══ Data segment ══

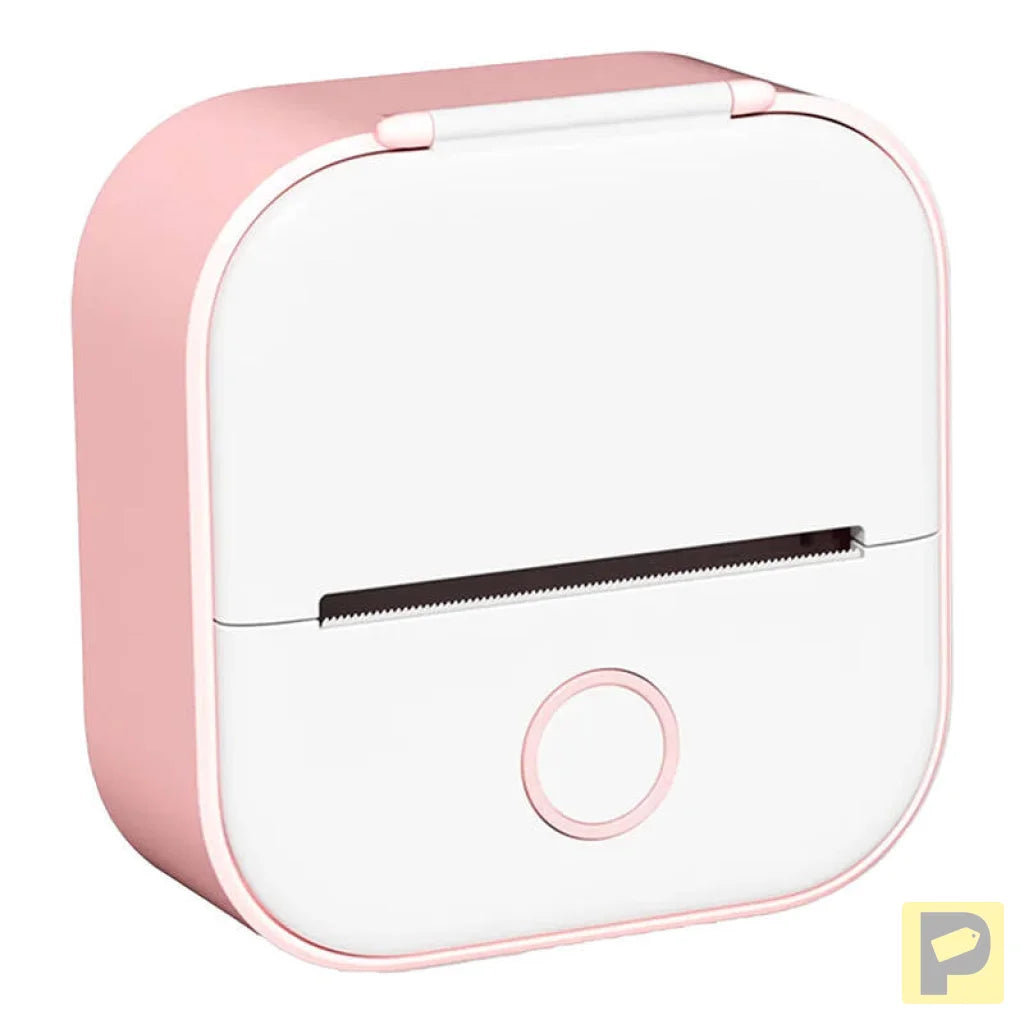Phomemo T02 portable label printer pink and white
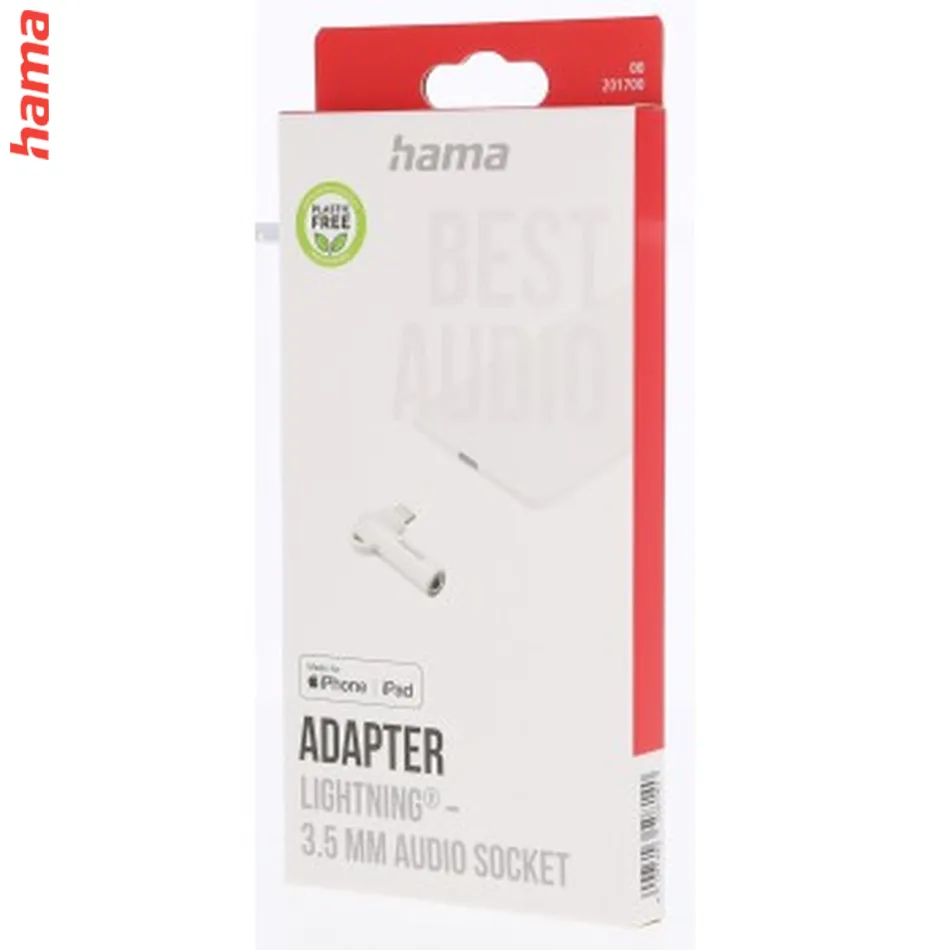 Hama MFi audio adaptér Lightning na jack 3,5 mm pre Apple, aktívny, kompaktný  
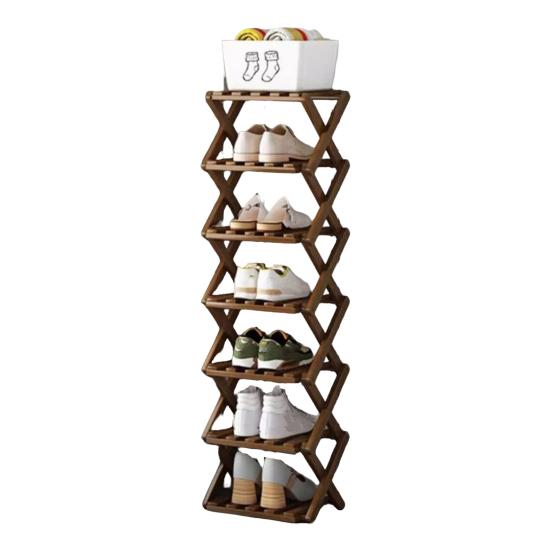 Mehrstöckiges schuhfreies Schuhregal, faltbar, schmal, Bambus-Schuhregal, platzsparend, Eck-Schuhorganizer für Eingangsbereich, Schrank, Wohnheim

═══

## What you need to do:
Begin with the line that contains "Hama MFi audio" and repeat every line through the end of the data, exactly and only those lines, leaving out the pictures.

## Written response:
 Hama MFi audio adaptér Lightning na jack 3,5 mm pre Apple, aktívny, kompaktný  
 Mehrstöckiges schuhfreies Schuhregal, faltbar, schmal, Bambus-Schuhregal, platzsparend, Eck-Schuhorganizer für Eingangsbereich, Schrank, Wohnheim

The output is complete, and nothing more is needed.